■ How to complete this task ■
Transcribe all of the data exactly. Omit the pictures.

■ Collected data ■
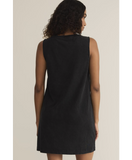 Z Supply | Sloane V-Neck Mini Dress | Black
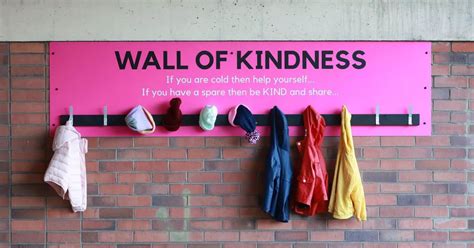SENDING MESSAGES OF KINDNESS ACROSS MIDDLESBROUGH .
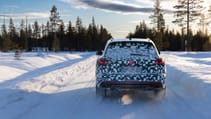 VW Touareg camo Top Gear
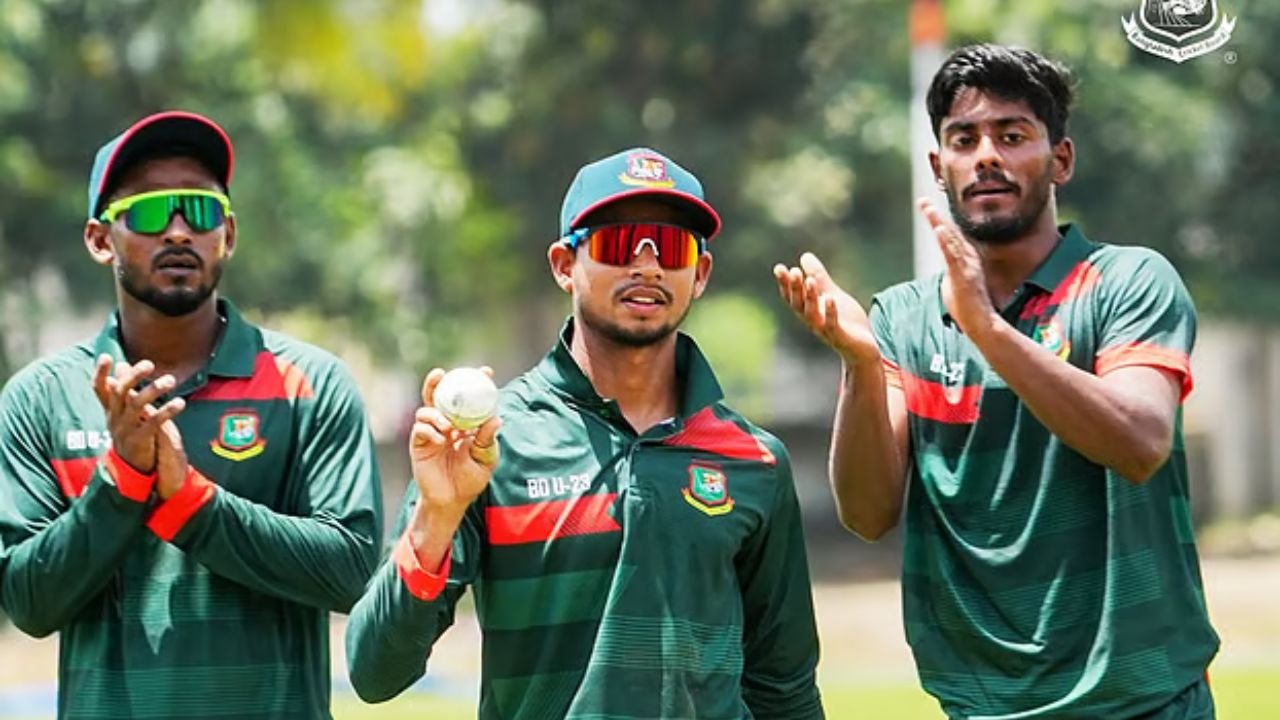 আবারও পারভেজের ৫ উইকেট, সিরিজ বাংলাদেশের যুবাদের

■ Problem solution ■
 Z Supply | Sloane V-Neck Mini Dress | Black
SENDING MESSAGES OF KINDNESS ACROSS MIDDLESBROUGH .
 VW Touareg camo Top Gear
 আবারও পারভেজের ৫ উইকেট, সিরিজ বাংলাদেশের যুবাদের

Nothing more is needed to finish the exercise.